Economy

[Fading enthusiasm]

Yes, we can—but maybe later

So far, the grassroots efforts on behalf of Obama are a mixed bag

Image
Illustration by Jack Black

Two weekends ago Sue Brooks spent an hour canvassing her northwest Las Vegas neighborhood. She was pulling double duty, trying to drum up support for Las Vegas candidate Jennifer Taylor and for President Barack Obama’s huge new budget. In an hour she got 15 signatures.

“I think people are supportive, they’re just busy living their lives,” she says of the small number of signatures. As more opportunities arise, she thinks more people will participate. “Going out and canvassing is the last thing on people’s list.”

On the same Saturday in Washoe County, volunteer Barbara Green went to the Sparks Library and “in less than two hours I collected 120 signatures of people who were supportive of the president’s economic policy plan. It was incredible.”

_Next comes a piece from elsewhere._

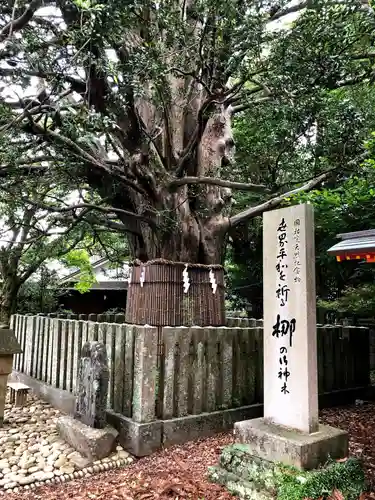 熊野速玉大社の自然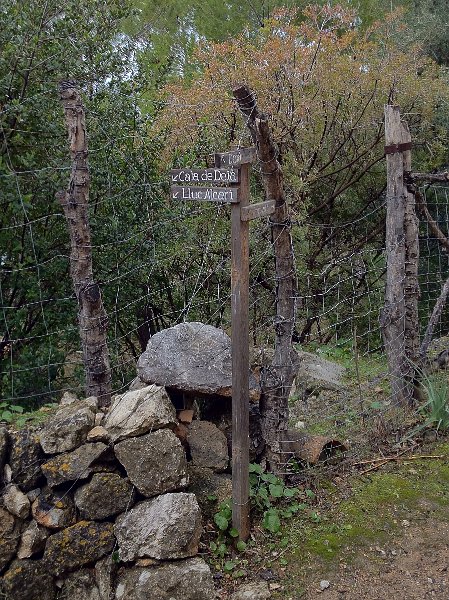 Mallorca_12_40.jpg - Im Abstieg zur Cala de Dei� �ber Son Bujosa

She goes on, “There were some people who said, ‘You’re crazy; get your head out of your ass,’” but she also heard some sad stories about how this economy has impacted people. “It makes me feel like the people are behind the president.”

More

Beyond the Weekly
Organizing for America

The massive grassroots machine Barack Obama’s campaign built in 2008 was thought to be the Republicans’ worst nightmare. Post-election, it would be a sort of National Guard of citizen activists, ready at a moment’s notice to mobilize coast-to-coast to help further the president’s agenda. Now, with Obama’s $3.6 trillion budget on the line, the foot soldiers of his campaign are being summoned to collect signatures.

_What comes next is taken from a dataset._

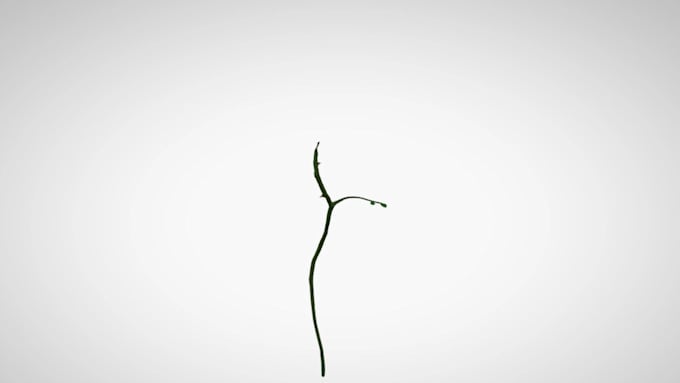 create glb models and animations ready for ar or VR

The results have been decidedly mixed. Nationally, Organizing for America, the new Obama-backed grassroots organization, claims that it has pulled in 100,000 “pledges” of support. More than 10,000 volunteers participated nationwide. But in Nevada—which supposedly became a player on the national political scene with its successful early caucus last year—the number was a lethargic 400, with only a hundred or so coming from Las Vegas. Brooks and Green, in other words, were largely out there by themselves.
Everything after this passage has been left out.